What is needed
Wherever "White" turns up in the entries, copy out the line that holds it.

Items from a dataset

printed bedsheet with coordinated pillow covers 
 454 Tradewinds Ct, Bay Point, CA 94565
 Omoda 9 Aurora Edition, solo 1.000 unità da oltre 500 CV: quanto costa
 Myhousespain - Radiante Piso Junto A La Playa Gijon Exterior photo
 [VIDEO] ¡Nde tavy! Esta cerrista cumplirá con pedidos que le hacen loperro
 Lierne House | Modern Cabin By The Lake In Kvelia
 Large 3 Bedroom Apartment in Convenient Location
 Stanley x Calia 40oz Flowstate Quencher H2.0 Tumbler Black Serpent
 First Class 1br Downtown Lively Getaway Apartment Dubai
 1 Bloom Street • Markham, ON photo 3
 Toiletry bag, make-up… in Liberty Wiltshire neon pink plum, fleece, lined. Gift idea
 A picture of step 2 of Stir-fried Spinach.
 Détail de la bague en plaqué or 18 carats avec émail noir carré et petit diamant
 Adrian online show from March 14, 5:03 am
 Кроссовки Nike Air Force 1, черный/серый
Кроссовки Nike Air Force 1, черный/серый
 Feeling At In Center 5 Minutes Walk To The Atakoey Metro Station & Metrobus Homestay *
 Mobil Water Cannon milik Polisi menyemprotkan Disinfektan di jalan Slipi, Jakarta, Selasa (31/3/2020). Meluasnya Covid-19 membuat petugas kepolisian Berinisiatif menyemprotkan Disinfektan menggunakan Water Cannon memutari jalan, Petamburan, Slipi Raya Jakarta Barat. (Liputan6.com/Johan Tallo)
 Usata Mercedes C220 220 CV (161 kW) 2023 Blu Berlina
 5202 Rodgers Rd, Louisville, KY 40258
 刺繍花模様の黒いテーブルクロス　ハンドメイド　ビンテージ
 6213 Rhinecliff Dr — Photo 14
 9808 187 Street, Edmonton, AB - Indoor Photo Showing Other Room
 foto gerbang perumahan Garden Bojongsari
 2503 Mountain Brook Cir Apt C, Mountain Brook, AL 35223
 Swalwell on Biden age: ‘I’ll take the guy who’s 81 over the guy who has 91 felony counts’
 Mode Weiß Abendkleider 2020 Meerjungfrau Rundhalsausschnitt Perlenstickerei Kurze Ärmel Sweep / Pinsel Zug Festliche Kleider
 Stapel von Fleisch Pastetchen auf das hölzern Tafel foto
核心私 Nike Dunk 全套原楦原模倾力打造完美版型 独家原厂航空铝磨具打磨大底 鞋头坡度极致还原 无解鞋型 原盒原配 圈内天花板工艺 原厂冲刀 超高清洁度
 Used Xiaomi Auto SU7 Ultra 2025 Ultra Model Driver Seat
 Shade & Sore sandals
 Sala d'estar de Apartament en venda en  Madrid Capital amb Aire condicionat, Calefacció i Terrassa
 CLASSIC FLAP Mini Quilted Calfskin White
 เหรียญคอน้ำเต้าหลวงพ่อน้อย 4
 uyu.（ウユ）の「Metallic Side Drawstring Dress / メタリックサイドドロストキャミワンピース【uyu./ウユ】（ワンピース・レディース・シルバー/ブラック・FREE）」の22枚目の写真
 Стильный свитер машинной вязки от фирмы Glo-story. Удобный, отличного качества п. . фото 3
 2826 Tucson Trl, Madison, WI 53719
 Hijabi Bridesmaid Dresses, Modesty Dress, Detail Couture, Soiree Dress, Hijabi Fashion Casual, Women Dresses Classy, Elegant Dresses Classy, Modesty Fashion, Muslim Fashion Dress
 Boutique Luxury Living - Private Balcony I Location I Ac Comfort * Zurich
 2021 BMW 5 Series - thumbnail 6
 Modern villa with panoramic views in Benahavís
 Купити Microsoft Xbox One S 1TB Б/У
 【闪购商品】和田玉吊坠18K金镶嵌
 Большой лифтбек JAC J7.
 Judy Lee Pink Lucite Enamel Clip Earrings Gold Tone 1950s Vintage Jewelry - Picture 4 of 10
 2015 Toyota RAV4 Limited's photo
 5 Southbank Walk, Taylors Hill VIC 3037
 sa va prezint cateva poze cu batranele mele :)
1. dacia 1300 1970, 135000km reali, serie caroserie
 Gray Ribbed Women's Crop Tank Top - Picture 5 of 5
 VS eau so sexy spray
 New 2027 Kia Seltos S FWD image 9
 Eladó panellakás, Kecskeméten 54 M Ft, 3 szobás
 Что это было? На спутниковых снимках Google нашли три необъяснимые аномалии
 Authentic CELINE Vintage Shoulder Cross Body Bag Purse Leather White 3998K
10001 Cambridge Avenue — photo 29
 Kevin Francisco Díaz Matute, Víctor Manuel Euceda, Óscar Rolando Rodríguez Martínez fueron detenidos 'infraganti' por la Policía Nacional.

Written response
 CLASSIC FLAP Mini Quilted Calfskin White
 Authentic CELINE Vintage Shoulder Cross Body Bag Purse Leather White 3998K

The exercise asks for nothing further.